(Stored records)
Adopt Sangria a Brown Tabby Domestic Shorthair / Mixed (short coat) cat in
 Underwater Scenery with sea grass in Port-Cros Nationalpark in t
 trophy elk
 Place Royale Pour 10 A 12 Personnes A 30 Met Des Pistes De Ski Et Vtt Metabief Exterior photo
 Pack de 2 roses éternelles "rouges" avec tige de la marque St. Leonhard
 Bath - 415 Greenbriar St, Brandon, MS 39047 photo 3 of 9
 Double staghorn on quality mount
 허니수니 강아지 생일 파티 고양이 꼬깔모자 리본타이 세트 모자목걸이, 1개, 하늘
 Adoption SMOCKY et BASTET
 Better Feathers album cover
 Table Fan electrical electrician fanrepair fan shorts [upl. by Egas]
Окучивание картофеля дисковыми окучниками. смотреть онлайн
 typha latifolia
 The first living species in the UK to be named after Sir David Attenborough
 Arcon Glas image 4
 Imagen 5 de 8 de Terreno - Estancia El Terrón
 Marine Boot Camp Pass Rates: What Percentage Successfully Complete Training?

WHAT THE TASK ASKS:
Determine how many lines above contain "photo" and respond with that number only.

SOLVED PROBLEM:
2